If Senator Reed Smoot, tariff prodigy, chairman of the Senate finance committee, and tiler to the inner council of the G.O.P. should in a serious mood deliver to a Washington dinner table a message from the Angel Moroni concerning the true meaning of a disputed text in the Old Testament or an admonishment to flee the imminent retribution of the Lord, he would only be exercising a prerogative of his office.  As Senator from Utah he is, almost ex-officio, a member of the quorum of the Twelve Apostles of the Church of Jesus Christ of Latter Day Saints, whose duty is to preach the everlasting gospel to “all nations, tongues, and kindred,” and a member of the Higher or Melchisedek Priesthood to whom it is given “to have the privilege of receiving the mysteries of the kingdom of heaven — to have the heavens opened unto them — to commune with the general assembly of the Church of the firstborn, and to enjoy the communion and presence of God the Father and Jesus the Mediator of the New Covenant.”  And if Charles W. Nibley, Presiding Bishop of this Church of God should, in a prospectus of any corporation of which he is ex-officio treasurer, mingle the phraseology of Scripture with a summary of the corporation’s assets, he could show divine authority for the mixture.  As a bishop, his pedigree derives by demonstrable steps from Aaron, and the precedent is apparent in all the works of Aaron’s seed.

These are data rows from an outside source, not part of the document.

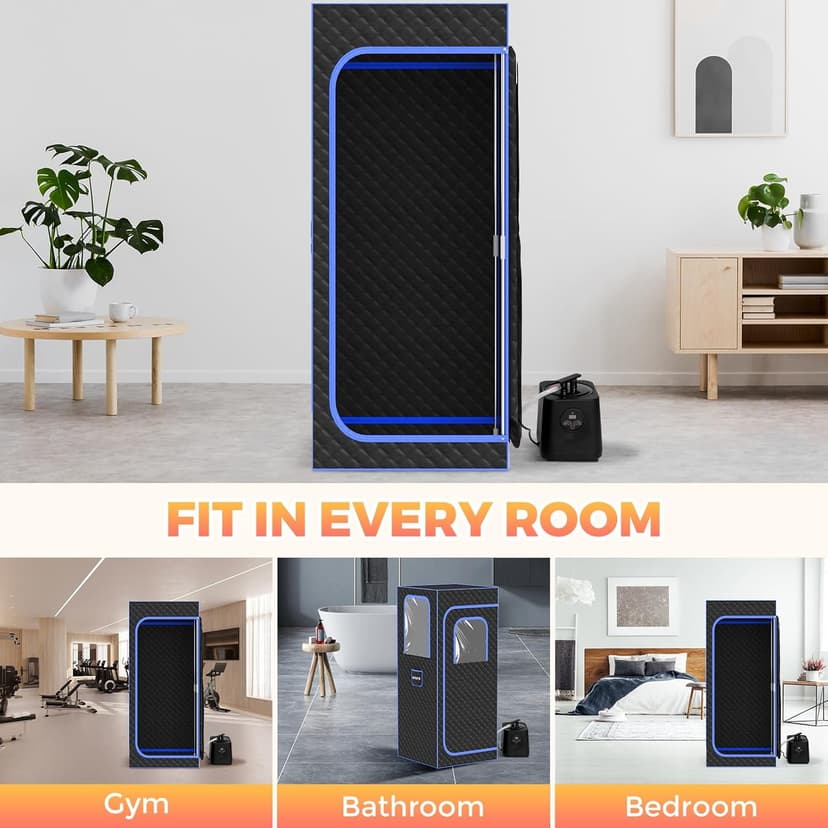 Portable Sauna Box for Home, Person Saunas Tent at Home with 3L 1200 Watt Steamer, Remote Control and Fodable Chair (Light Black)
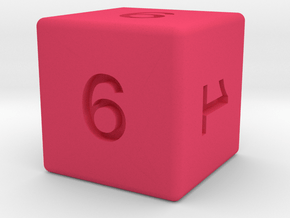 Gambler's D6 in Pink Smooth Versatile Plastic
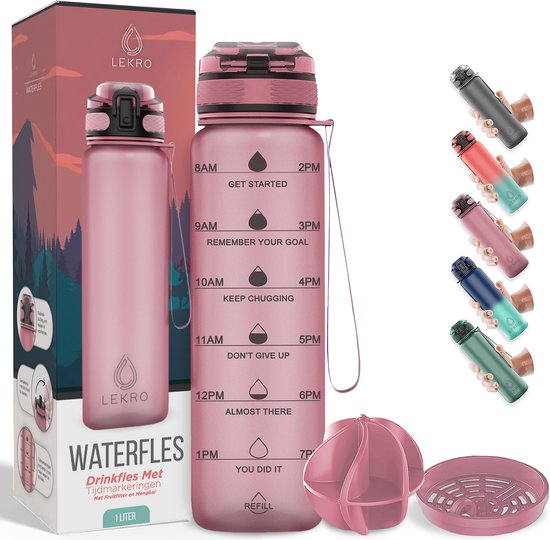 Lekro Motivatie Waterfles - Motiverende Drinkfles met Tijdmarkeringen - Met Fruit Filter - 1 Liter - BPA vrij - Rosé Goud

Nor, in Utah and its environs, would either event occasion surprise.  Rather, both would be regarded as normal examples of  the working of the Holy Spirit, exhibiting the piety of the individual but in no way singling him out form his fellows.  For among the Mormons the function of priest has not been distinguished from that of cowherd, soda dispenser, or garbage man, and the Chautauqua ideal of religion that is work, work that is play, and play that is religion has been achieved for close to a hundred years.

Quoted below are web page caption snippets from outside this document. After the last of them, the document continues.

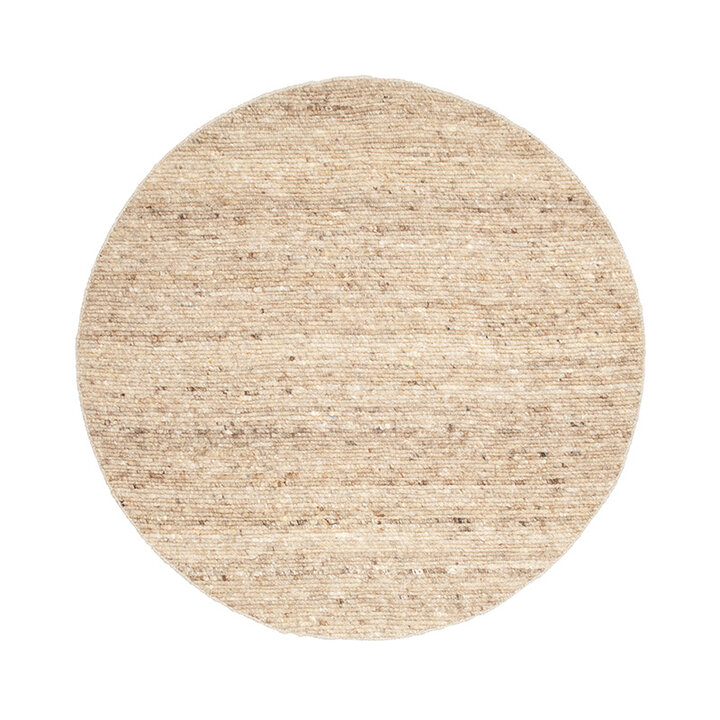 Rond wollen vloerkleed - Feline Taupe/Gemeleerd  - 1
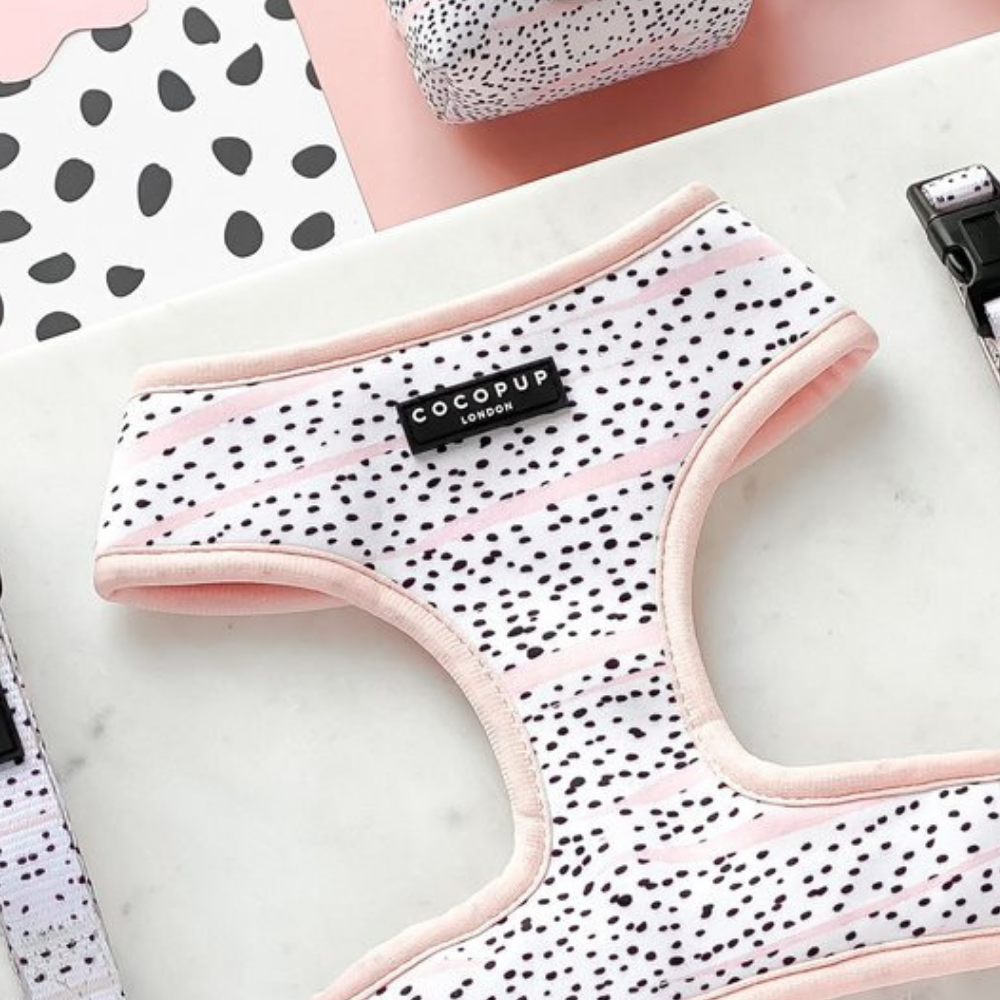 Pink Dalmatian Adjustable Neck Harness: L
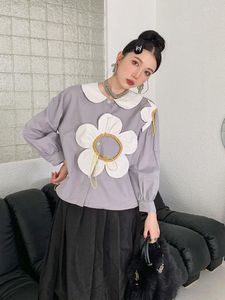 Frauen Blusen Süße Und Niedliche Langarm Damen Kleidung Blume Patch Hemd 2023 herbst Lose Bluse Tops M905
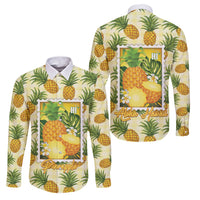 Aloha Hawaii Hala Kahiki Palaka Motifs Family Matching Puletasi and Hawaiian Shirt Hawaiian Pineapple Stylized Stamp LT14 Dad's Shirt - Long Sleeve Yellow - Polynesian Pride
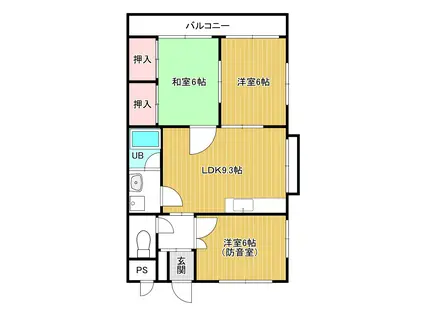 ヤーマ・インプリス(3LDK/3階)の間取り写真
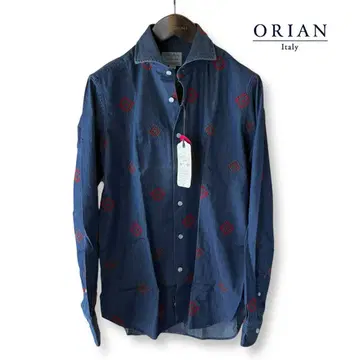 미사용 새상품/ORIAN/인디고 가먼트 다이/자수/코튼 셔츠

The contributions of God to American literature have never been adequately surveyed.  Altogether the bulk of His writings during the past three centuries on this continent must be enormous.  And in Utah at least, the critic who approaches this field will discover, God has long been and continues to be the favorite author.  I do not mean the Bible.  That, though considered to be of divine inspiration, is believed only “in so far as it is correctly translated,” and is read very little, if at all.  Nor do I mean the histories of Abraham, Nephi, Jarom, Mosiah, Alma, Ether, Mormon, and other worthies collected in the Book of Mormon, the “Gold Bible” of our grandfathers’ generation, the translation of which by Joseph Smith Jr. is specifically warranted correct by God.  These, by reasons of irrelevancy and an almost unreadable style, have become obsolete, and though occasionally mentioned at Conference are unknown to the average Mormon of today.  But the direct words of God possess a universal currency among the faithful.  They are the only living literature of the Latter Day Saints, and, in spite of a flood of Church propaganda and a system of Church magazines intended to reach all readers from children to patriarchs, they are the only Mormon literature likely to attract the critic.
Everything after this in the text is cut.